Les fonds de pension publics américains locaux pourraient faire face à une crise de financement, avec des engagements non couverts estimés à 3 800 Md$ dans un rapport récent[1], provenant de promesses de versements de pension non provisionnées. Cette dette est en partie « cachée » car ces fonds affichent formellement des engagements non couverts de 1 400 Md$, en faisant l’hypothèse irréaliste d’un rendement anticipé de leurs actifs financiers de 7,5 % par an.

Poids des engagements non couverts des fonds de pension étatiques (en points de PIB de l'État concerné)

Le déficit de couverture des engagements des fonds de pension publics locaux (États fédérés, comtés, municipalités) serait a minima de 1 400 Md$ (8 points de PIB). L’évaluation de leurs engagements futurs est réalisée via des hypothèses très généreuses (utilisant souvent par exemple un taux de rendement de leurs actifs financiers de 7,5 %).

Des hypothèses plus réalistes sur le taux de rendement des actifs financiers augmenteraient sensiblement le niveau de cette dette. Ainsi, selon un rapport de la Hoover Institution, à l’estimation précédente il faudrait ajouter une « dette cachée » de 2 400 Md$ supplémentaires en 2015 (14 points de PIB). Cette dette « cachée » est évaluée par l’auteur en utilisant des hypothèses beaucoup plus strictes (utilisation d’un taux de rendement sans risque), qui peuvent être considérées comme très prudentes, mais qui sont proches des standards comptables d’autres pays ou des fonds de pension privés. Avec un taux de rendement anticipé plus en ligne avec le rendement moyen récent de ces fonds, l’ordre de grandeur de la « dette cachée » serait probablement plus proche de 1 500 Md$ (8 points de PIB), en plus des 1 400 Md$ affichés.

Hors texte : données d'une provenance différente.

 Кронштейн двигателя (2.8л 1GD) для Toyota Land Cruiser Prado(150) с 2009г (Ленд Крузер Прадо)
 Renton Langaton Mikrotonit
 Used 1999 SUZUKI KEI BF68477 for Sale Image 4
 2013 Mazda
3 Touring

Cette sous-capitalisation des fonds de pension pèse sur la soutenabilité financière des budgets des collectivités. À politique inchangée, certains fonds publics pourraient connaître des problèmes de liquidité et ne pas être en mesure de payer les prestations dès 2020[2]. Les possibilités de baisser les prestations étant très contraintes, les collectivités devront chercher d’autres ressources budgétaires pour faire face à leurs engagements (hausse des recettes ou baisse des dépenses). À moyen terme, le risque de défaut d’une ou de plusieurs collectivités ne peut être totalement écarté ; parmi les États fédérés, la situation de l’Illinois inquiète particulièrement (la dette de l’État est classée « lower medium grade » par les agences de notation). Au contraire des villes, les États fédérés ne disposent pas de cadre de faillite et il existe une convention légale de « no bail out » fédéral.

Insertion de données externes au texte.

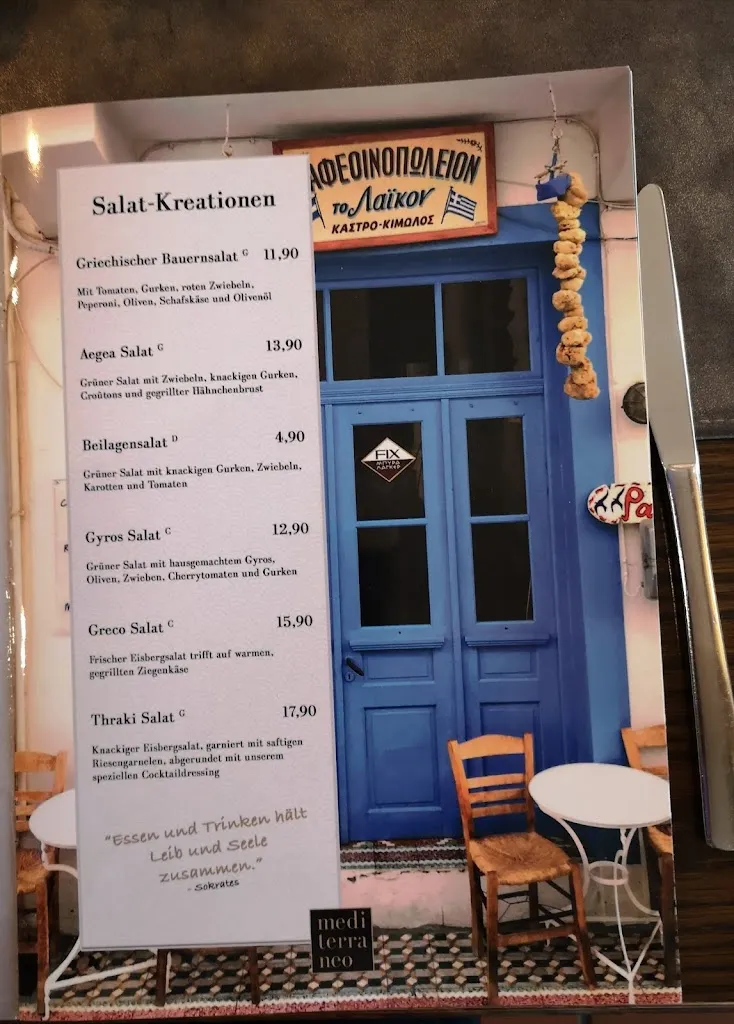 Menu_Restaurant Mediterraneo_Homburg_image_3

L’impact macroéconomique potentiel est difficile à évaluer du fait de la disparité des situations des fonds de pension et des incertitudes entourant les leviers qui seront utilisés par les collectivités. L’effort d’ajustement nécessaire pour stabiliser la situation, id est ne pas augmenter le niveau de dette implicite déjà atteint, serait d’un point de PIB pour les finances publiques locales, selon le rapport de l’institut Hoover. Celui nécessaire pour résorber en vingt ans le stock de dette accumulée serait d’environ 1½ point de PIB par an, avec les hypothèses du rapport. Avec des hypothèses de rendement financier moins prudentes, l’effort nécessaire serait un peu plus faible. Par ailleurs, d’autres risques encore plus difficilement quantifiables existent, notamment sur la stabilité financière en cas de panique sur les fonds de pension, qui pourrait occasionner des rachats massifs par les épargnants, et donc des ventes brutales d’actifs par les fonds.

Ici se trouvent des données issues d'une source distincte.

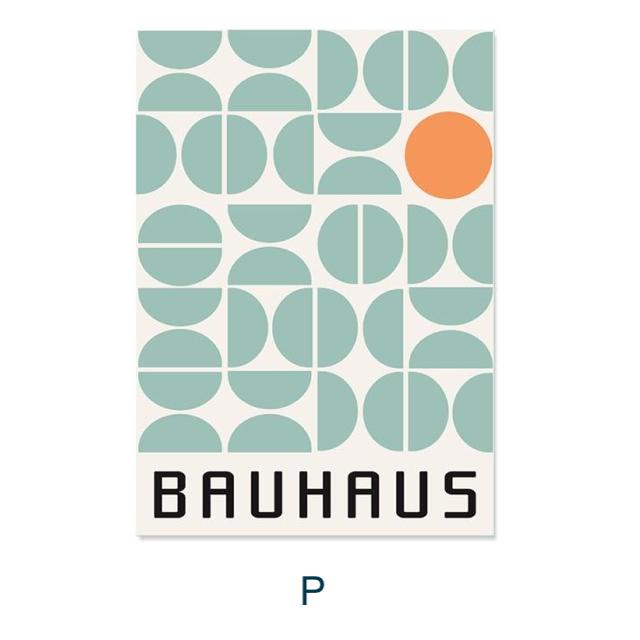 Bauhaus 2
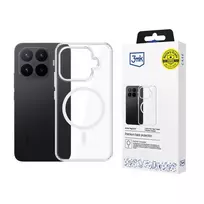 3mk Protection Xiaomi 17T Pro - 3mk Armor Magcase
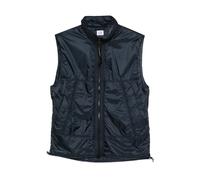 C.P. Company - Gilet - - Jackets - Uomo - Blu - M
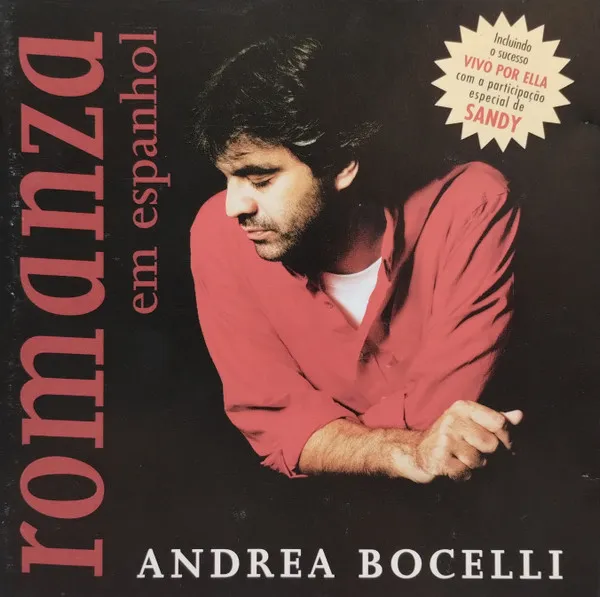 Romanza Em Espanhol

La sous-capitalisation des fonds de pension des collectivités américaines – dont l’ampleur est sans doute exagérée par l’institut Hoover – génère un besoin d’ajustement non négligeable des finances locales américaines, particulièrement élevé pour certaines collectivités. Sans être systémique, le risque d’un défaut d’une collectivité ne peut ainsi être écarté à moyen terme, avec des conséquences difficilement prévisibles, le cadre institutionnel américain ne permettant pas de « bail-out » d’un État fédéré par l’État fédéral. L’exemple américain illustre aussi les risques liés à l’existence de règles prudentielles trop laxistes pour les collectivités locales.

 

[1] Joshua D. Rauh (2017), “Hidden Debt, Hidden Deficits: 2017 Edition”, Institut Hoover, Stanford.


[2] Selon une étude de J. Rauh de Stanford et The Economist.